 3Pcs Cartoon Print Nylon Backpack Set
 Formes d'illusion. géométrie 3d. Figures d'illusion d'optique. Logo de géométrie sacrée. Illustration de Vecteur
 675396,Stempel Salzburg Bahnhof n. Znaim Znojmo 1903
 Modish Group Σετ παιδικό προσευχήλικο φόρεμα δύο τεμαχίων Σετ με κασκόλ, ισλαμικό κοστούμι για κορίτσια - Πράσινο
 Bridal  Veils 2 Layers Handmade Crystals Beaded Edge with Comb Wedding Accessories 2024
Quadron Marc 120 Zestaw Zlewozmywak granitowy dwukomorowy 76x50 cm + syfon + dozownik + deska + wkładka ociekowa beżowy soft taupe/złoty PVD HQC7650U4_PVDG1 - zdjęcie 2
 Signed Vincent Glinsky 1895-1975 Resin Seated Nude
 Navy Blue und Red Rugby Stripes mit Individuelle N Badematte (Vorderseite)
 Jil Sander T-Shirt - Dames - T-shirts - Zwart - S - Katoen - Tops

* * *

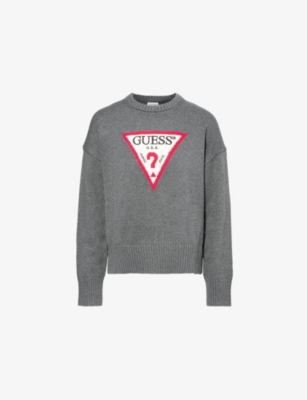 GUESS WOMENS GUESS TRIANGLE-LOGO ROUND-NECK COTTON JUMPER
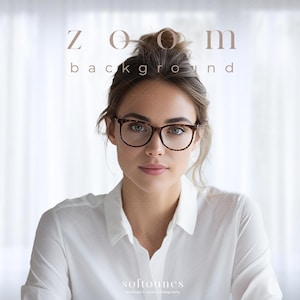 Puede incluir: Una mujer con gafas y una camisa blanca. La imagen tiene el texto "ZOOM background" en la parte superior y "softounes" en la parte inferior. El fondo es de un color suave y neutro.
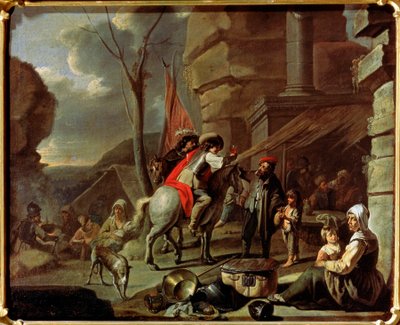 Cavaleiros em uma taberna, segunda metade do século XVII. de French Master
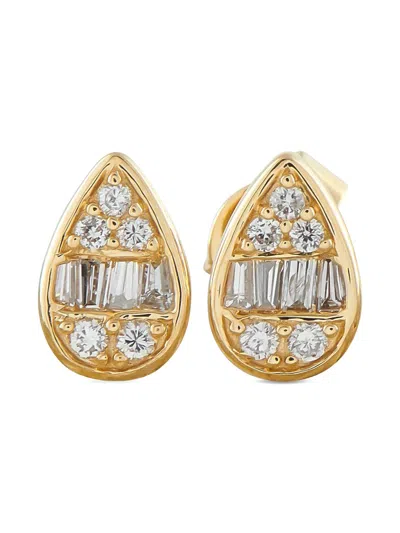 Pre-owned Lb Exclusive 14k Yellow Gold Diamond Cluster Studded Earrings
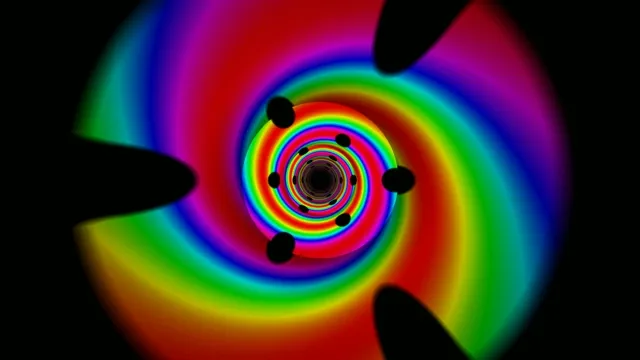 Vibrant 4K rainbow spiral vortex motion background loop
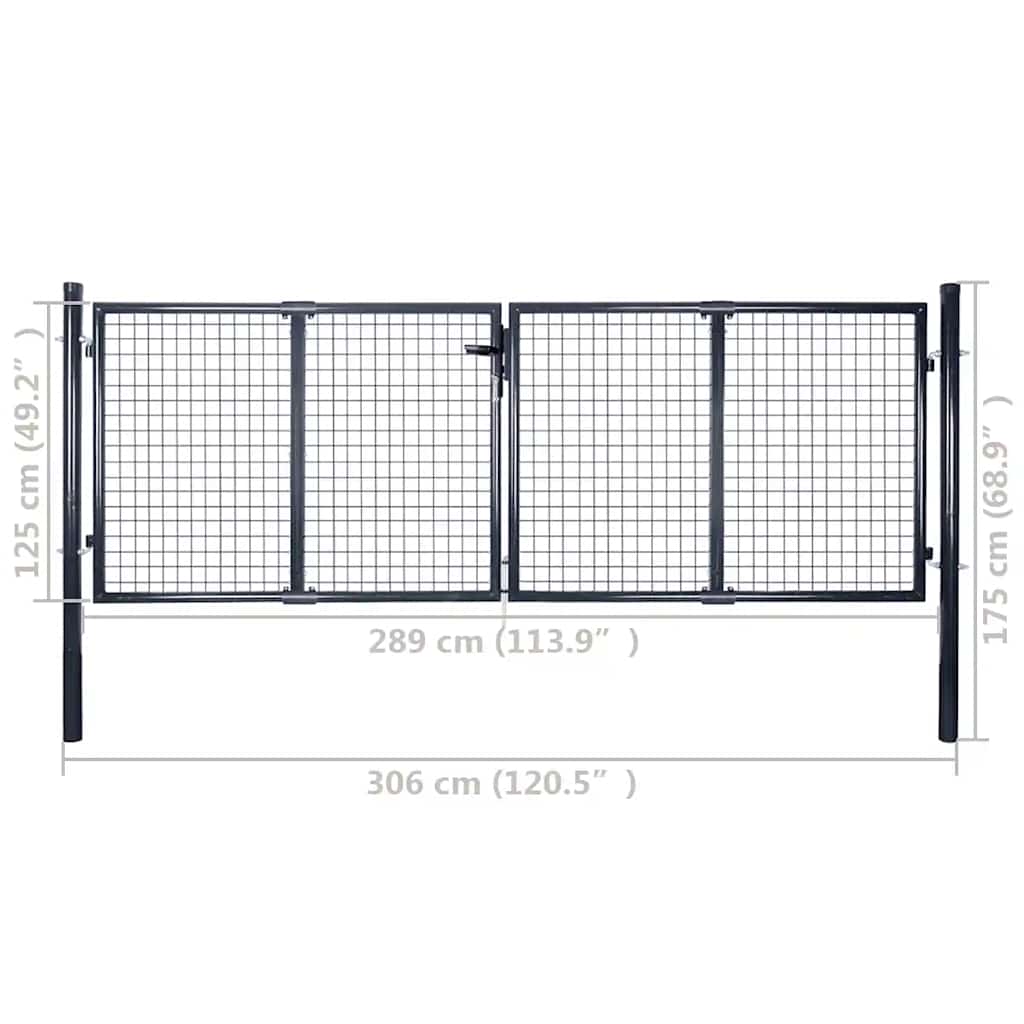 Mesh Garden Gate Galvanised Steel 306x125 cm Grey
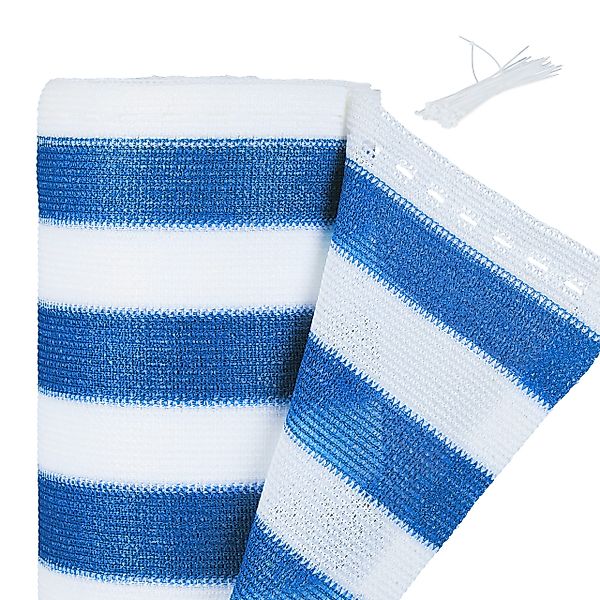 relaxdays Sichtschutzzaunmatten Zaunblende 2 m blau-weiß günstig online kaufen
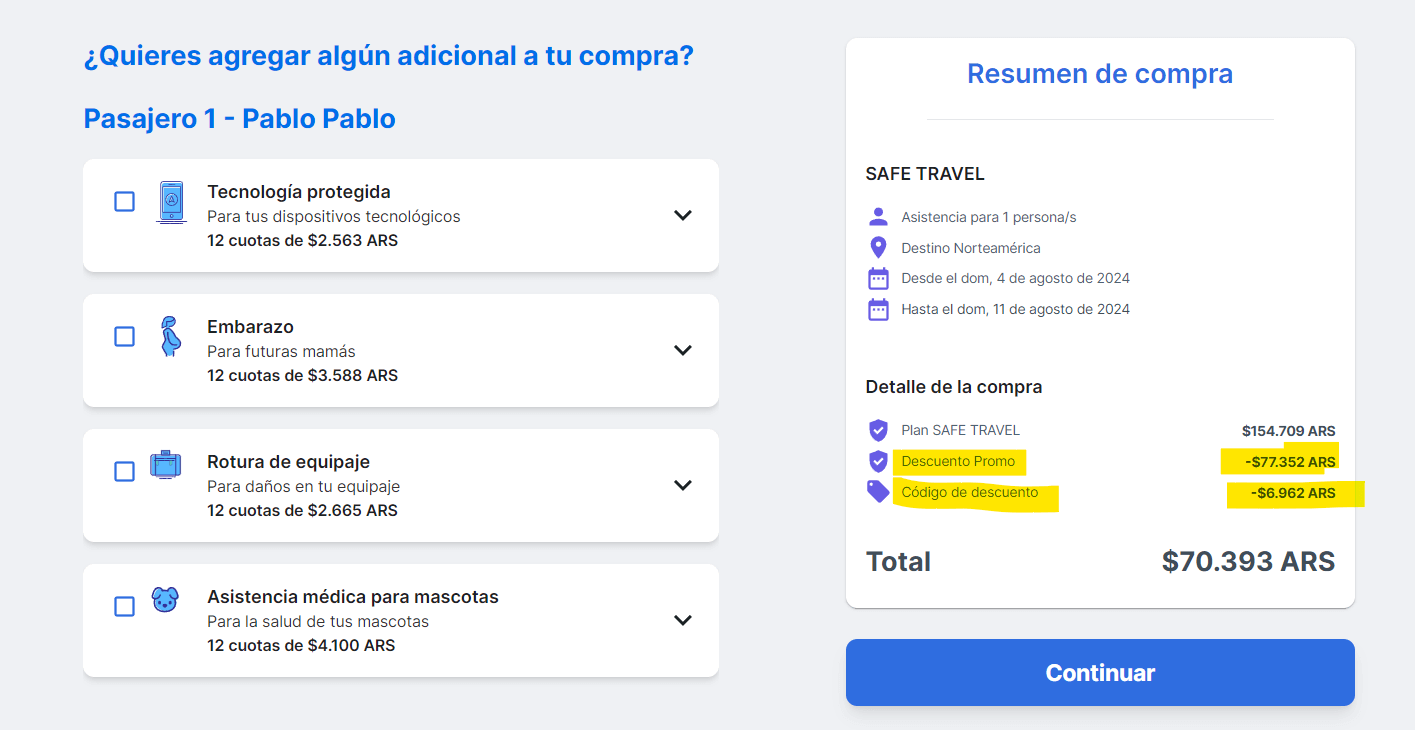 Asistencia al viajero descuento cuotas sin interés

[WHAT TO PRODUCE]
As listed above, the lines from the line with "3Pcs Cartoon Print Nylon Backpack Set" to the line with "Jil Sander T-Shirt" are to be echoed exactly, with both ends included and nothing added.

[RESPONSE BELOW]
 3Pcs Cartoon Print Nylon Backpack Set
 Formes d'illusion. géométrie 3d. Figures d'illusion d'optique. Logo de géométrie sacrée. Illustration de Vecteur
 675396,Stempel Salzburg Bahnhof n. Znaim Znojmo 1903
 Modish Group Σετ παιδικό προσευχήλικο φόρεμα δύο τεμαχίων Σετ με κασκόλ, ισλαμικό κοστούμι για κορίτσια - Πράσινο
 Bridal  Veils 2 Layers Handmade Crystals Beaded Edge with Comb Wedding Accessories 2024
Quadron Marc 120 Zestaw Zlewozmywak granitowy dwukomorowy 76x50 cm + syfon + dozownik + deska + wkładka ociekowa beżowy soft taupe/złoty PVD HQC7650U4_PVDG1 - zdjęcie 2
 Signed Vincent Glinsky 1895-1975 Resin Seated Nude
 Navy Blue und Red Rugby Stripes mit Individuelle N Badematte (Vorderseite)
 Jil Sander T-Shirt - Dames - T-shirts - Zwart - S - Katoen - Tops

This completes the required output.